▸ **Input for this task**

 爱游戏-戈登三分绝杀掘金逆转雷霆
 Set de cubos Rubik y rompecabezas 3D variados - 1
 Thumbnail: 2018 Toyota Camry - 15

...

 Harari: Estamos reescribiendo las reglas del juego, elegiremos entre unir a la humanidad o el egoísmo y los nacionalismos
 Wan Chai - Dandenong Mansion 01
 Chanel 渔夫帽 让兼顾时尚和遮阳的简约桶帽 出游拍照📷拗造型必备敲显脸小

▸ **Task requirements**
Looking at the records above, return exactly the lines from the line with "爱游戏-戈登三分绝杀掘金逆转雷霆" to the line with "Thumbnail: 2018 Toyota Camry - 15", both ends included.

▸ **Solved exercise**
 爱游戏-戈登三分绝杀掘金逆转雷霆
 Set de cubos Rubik y rompecabezas 3D variados - 1
 Thumbnail: 2018 Toyota Camry - 15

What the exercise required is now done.